◆ **What the task requires**: What you return must match the records below character for character, except that no picture appears.
━━━━━ Given data
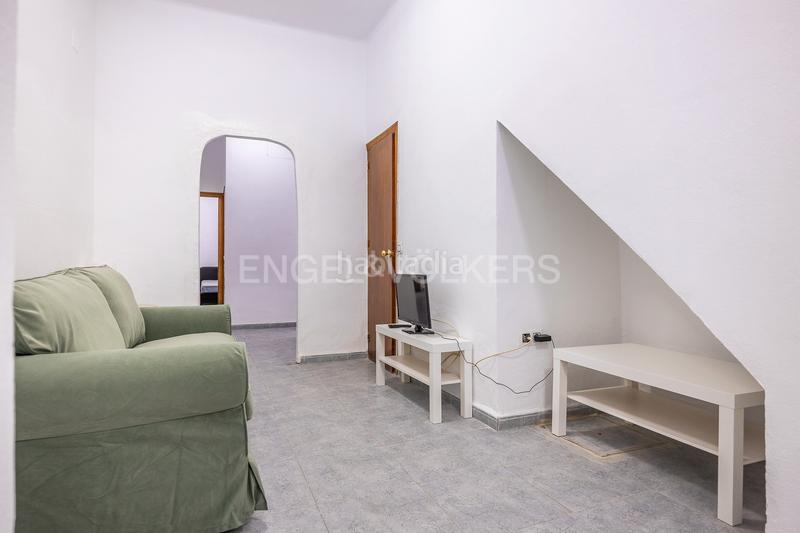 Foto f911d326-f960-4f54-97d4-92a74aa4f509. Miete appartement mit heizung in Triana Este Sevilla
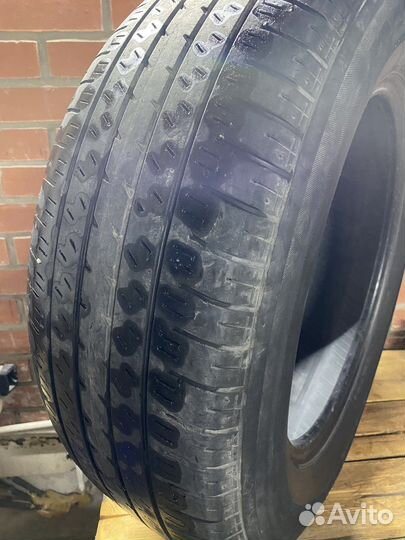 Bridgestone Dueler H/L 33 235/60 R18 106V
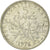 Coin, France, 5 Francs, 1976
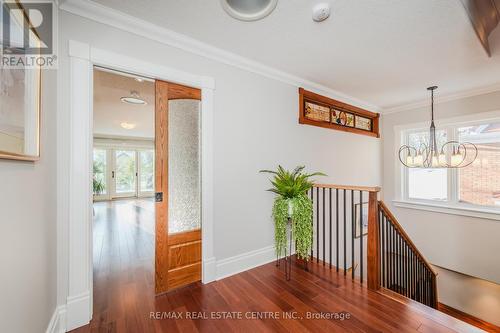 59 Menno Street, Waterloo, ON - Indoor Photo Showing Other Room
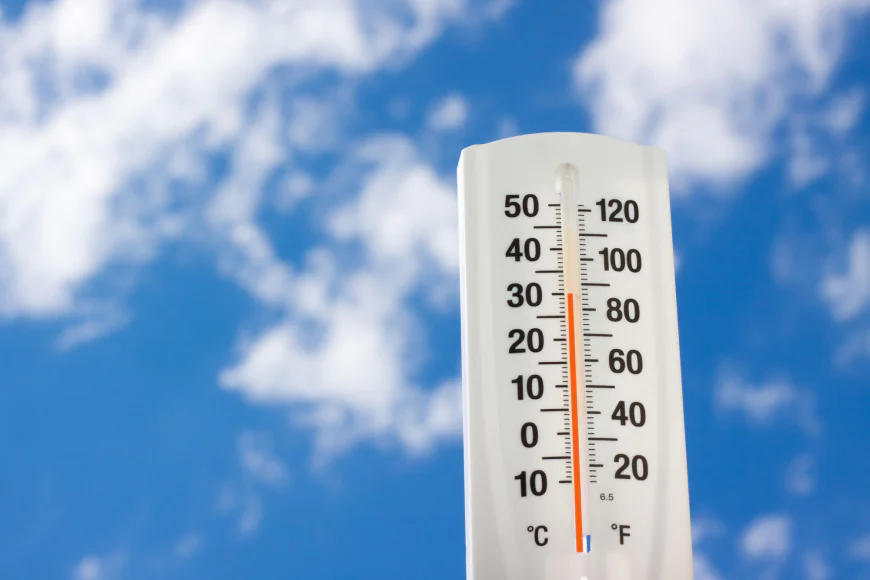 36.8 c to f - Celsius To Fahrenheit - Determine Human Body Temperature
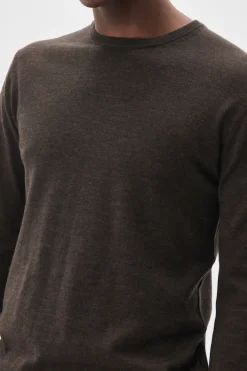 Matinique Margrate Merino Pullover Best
━━━━━━━━━━
◆ **Reply**:
 Foto f911d326-f960-4f54-97d4-92a74aa4f509. Miete appartement mit heizung in Triana Este Sevilla
 Bridgestone Dueler H/L 33 235/60 R18 106V
 Coin, France, 5 Francs, 1976
 59 Menno Street, Waterloo, ON - Indoor Photo Showing Other Room
 36.8 c to f - Celsius To Fahrenheit - Determine Human Body Temperature
 Matinique Margrate Merino Pullover Best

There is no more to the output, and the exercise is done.